It lacks much detail, goes
nowhere and other than throwing blame all over appears to be a
summation list of misadventures with
legal representatives.
[25]
A case, where an attorney’s action was dealt with concisely is
the American matter of Schleiger
v Schleiger, where it was stated: “…
The attorney will have implied authority in regards to the general
conduct of
litigation to do or take all steps or actions which are
necessary or incidental to the orderly prosecution , defence or
conduct
of litigation or court proceedings”.
[14]
This accords with the Appellate Division case of Saloojee and Another
NNO v Minister of Community Development where the Appellate
Division
stated: “There is a limit beyond which a litigant cannot escape
the results of his attorney’s lack of diligence…”.
[15]
[26]
In
High
School of Ermelo and Others v The Head of the Department and
Others
,
[16]
the Court stated:
“…
care must
be taken not to create an impression that an application for
condonation is a mere formality … the explanation
for the
delay is not reasonable; the cause thereof was gross ineptitude on
the part of the applicants legal representatives”.
[27]
The Applicant attempted to use the COVID-19 pandemic as an additional
reason for the delay. However,
the Respondent contended that the
Applicant’s claim became prescribed on 7 March 2020, before
South Africa was placed on
hard lockdown, due to the pandemic, on 26
March 2020.
[17]
[28]
With respect to the delay factor the dicta of Grootboom v National
Prosecuting Authority and
Another states:
“
Of great
significance, the application must be reasonable enough to excuse the
default”.
Simply
put, the explanation of the Applicant in the present matter is just
not reasonable enough to have any merit.
The
Prospects of Success
[29]
From the decided cases it can be seen that the granting of
condonation (after other factors pertaining
to condonation have been
taken into account), relies on the
prospects
of success
in the main application. This in turn, depends on the merits of the
case. In the dicta of Minister of Agriculture and Land Affairs
v CJ
Ranse (Pty) Ltd
[18]
the
Supreme Court of Appeal stated
“No
merits may render litigation pointless”
,
and in
Melanie
v Santam Insurance Co Ltd
[19]
it was stated that if there are
“no
prospect of success … [there is] no point in granting
condonation”
(my underlining).

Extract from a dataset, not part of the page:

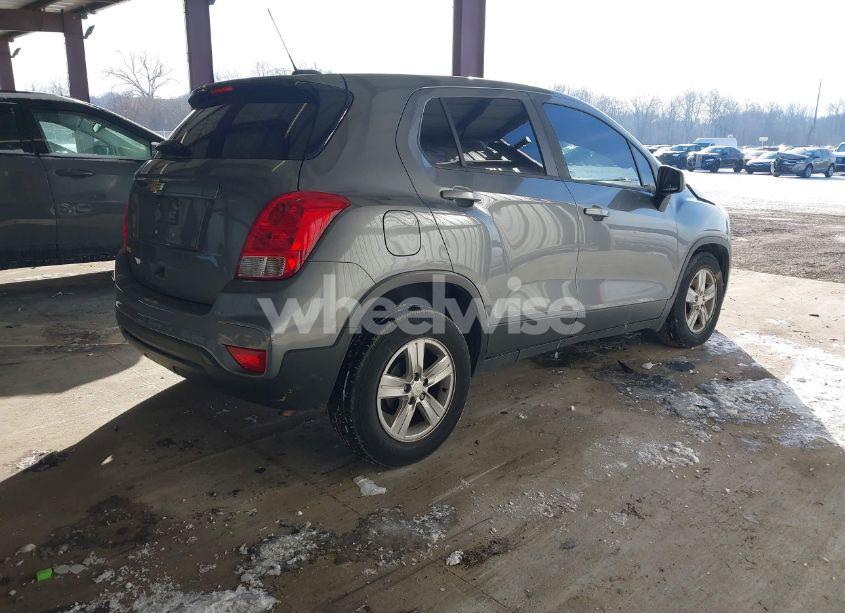 Photo 4 of 2020 Chevrolet Trax FWD LS (VIN 3GNCJKSB7LL286075)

Hence it is important to look at the facts
pertaining to the main action.
[30]
It is a requirement of the Act that to acquire a rebate of Customs
Duties the Applicant has to
show it has met all the requirements
prescribed by the Act.
[31]
Based on the available detail the following is pertinent, and also
serves as an overview relating
to the merits.
[32]
The Applicant states (in its’ supplementary replying
affidavit):
“
SARS, after an
inspection of the applicant’s premises and manufacturing
process, informed the applicant that the correct item
under which it
should be registered as a rebate user was rebate item 311.12”.
In
the Respondent’s responding affidavit (29 September 2022 at
para 20), it states:
“
It is patently
incorrect that the applicant did not request to be registered under
Rebate Item 311.12”.
The
Respondent further states:
“
The contention in
the replying affidavit (of the applicant) is in stark contrast to
what has been set out in the founding affidavit
(para 41) where the
applicant states that it applied for approval as a rebate user under
item 311.12”.
In
the heads of argument of SARS (para 11), it is stated:
“
As specifically
pointed out in SARS’ supplementary affidavit the applicant
itself elected the Tariff Heading as well as the
Rebate Item in its
application. It was not on SARS direction or request”.
[33]
The main issue, is whether certain items imported by the Applicant
met the requirements under
a particular tariff heading and
consequently would not have attracted certain charges (as imposed by
the Respondents).
[34]
The Applicant was
subjected to an audit
in terms of the Act.
The
audit revealed certain factors namely that:
(a)
That import clearances for the products invoiced as “man made
power fabrics”
declared under Tariff heading 6001.92 (7) of
Schedule 1 Part 1 of the Customs and Excise Tariff being incorrectly
entered under
rebate Schedule 3 Part 1. Four Customs Duties were
rebated in terms of Schedule 3 Part 1 of Customs and Excise Tariff
Rebate Item
311 12/60.01.01.04/49.
(b)
The Applicant kept “Disney branded Character blankets” in
a rebate store that
had not been entered under the provision of
Schedule 3, Part I, of the Customs and Excise Tariff without
permission from the Controller.
Thus, as maintained by the
Respondent, a contravention of Rule 75.10 of the Act.
(c)
The Applicant also failed to maintain a stock record as prescribed by
Rule 75.14 of
the Act.
(d)
The rebate book and documents were not readily available upon the
visit at the premises.
(e)
Requisition slips were not issued from the stock ordered from the
retail store.
(f)
The goods were not arranged and marked as required by the Rules to
the Act,
in contravention to Rule 75.14 and Rule 75.15 of the Customs
and Excise Act.
[35]
The Applicant did respond as follows to the factors as listed from
the audit.
(a)
The Disney blankets consisting of approximately 43 bales were placed
in error in the rebate
warehouse at a time when the other warehouse
was full.
(b)
The special stock record books had been ordered but delivery time was
approximately two
weeks.
(c)
All the information required by SARS was readily available to SARS on
an excel spreadsheet,
though not in the prescribed book.
(d)
The excel spreadsheets were sent by email to SARS.
(e)
The Applicant informed SARS that all the information SARS required
was readily available
should same be requested.
[36]
Though the Applicant attempted to justify the non-compliance with the
Rules of the Customs and
Excise Act, the best that can be said is
that they were not convincing.
Summing
Up
[37]
The reasons given by the Applicant for the delay in this matter were
considered. At the same
time the reasons as stated by the Respondent
in opposing the Application were taken into account. To succeed in
this application
for condonation, the Applicant has to furnish
factors that will weigh in the Applicant’s favour. In the
Application before
this Court, two matters of importance stand out.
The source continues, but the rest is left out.